In 2016, Mr Killoran was invited to attend PTI NZ’s Path to Market delegation to Auckland’s Pasifika Festival with a small group of PNG business entrepreneurs.
He was also then invited to attend the Fine Food Auckland show followed by Food Show Australia in Melbourne and the SIAL 2016 in Paris and London’s Caffe Culture in 2017 (which he’s planning to go back to this year.)
Since then Mr Killoran has spent time consolidating his efforts and doing the things he could manage. 2017 was a challenging year. But he made it through and continued to grow his business, slowly but surely.
He now has regular customers in Fiji where he is exporting monthly as also to the Cook Islands. He revitalised a coffee contact in Holland after being at SIAL 2016 and now has regular shipments to Finland. PNG Coffee sold in Finland – who knew!
Although he also exports to Australia and New Zealand, amounts are relatively small. Mr Killoran also has a great upmarket café in Mt Hagen and even if the visitor numbers are relatively low he remains optimistic.
The biggest challenges he faces are ongoing costs of freight, making transporting his coffee from PNG to international markets such as Australia and New Zealand expensive. Infrastructure is also a challenge. It’s tough going but Mr Killoran keeps ploughing forward.
This year Mr Killoran plans to attend London’s Coffee Culture organised through Trade Promotion Advisor Robyn Ekstrom of Pacific Trade Invest – Europe. Mr Killoran has also reached another milestone and been accepted for HACCP certification now working through the finer details.

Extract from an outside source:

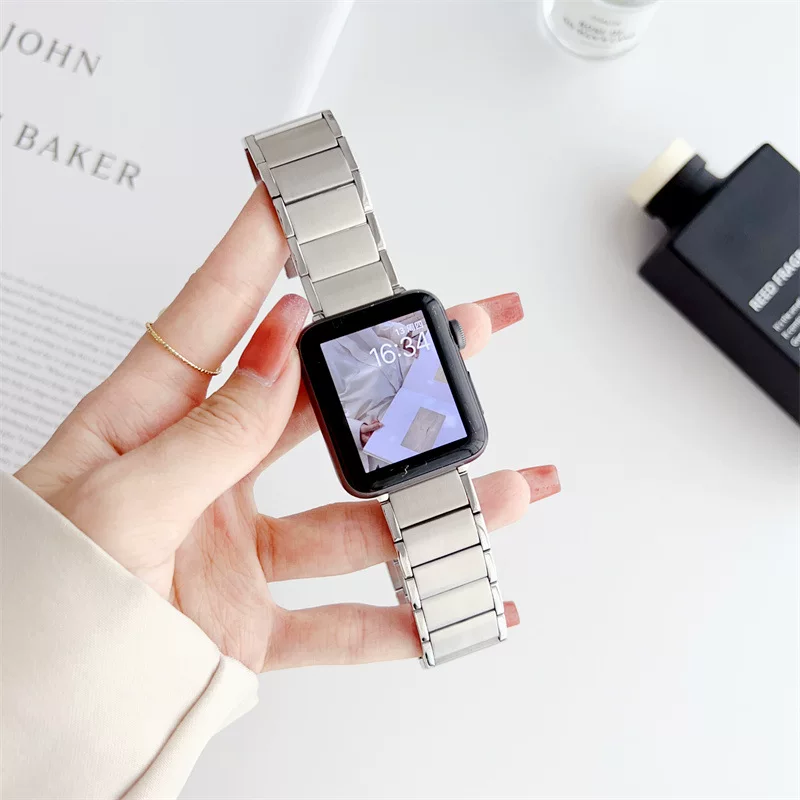 Подходит ремешок Apple Watch6 S7 Apple iWatch7/8/2/3/4/5 butterfly пряжка нержавеющая сталь магнитное всасывание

The certification should help crack open European market doors a little more as international demand for coffee continues to grow.
The Telegraph’s Digital Travel Editor mapped the ‘world according to coffee consumption per capita’ on 1 October 2017.
The result – Finland averages 12kg per person per year according to stats from the International Coffee Organisation (ICO). Norway, Iceland, Denmark, Netherlands, Sweden and Switzerland, Belgium, Luxembourg and Canada round out the top 10. Not surprisingly, all countries with very cold climates!
Brazil tops the biggest coffee exporter in the world, a spot its held for more than 150 years! It once held 80 per cent of the worlds market but now holds a third.
The rest of the top 10 are Vietnam, Colombia, Indonesia, Ethiopia, Honduras, India, Uganda, Mexico, and Guatemala. PNG exports almost all (99.9%) of its coffee in green beans. Less than 1% of its coffee in roast and ground form – and that’s the market where Banz Kofi is.
A recent study of Papua New Guinea’s coffee industry funded by PHAMA released in 2017 identified that PNG’s coffee sector involved around 400,000 households with annual export returns of around K350 million (AUD 148). But it also identified a raft of other issues affecting the progress of the industry.
But for a small holder such as Mr Killoran of Banz Kofi – exporting a high quality roasted coffee product is a big task but one that he’s willing to take on. Coffee is what he does.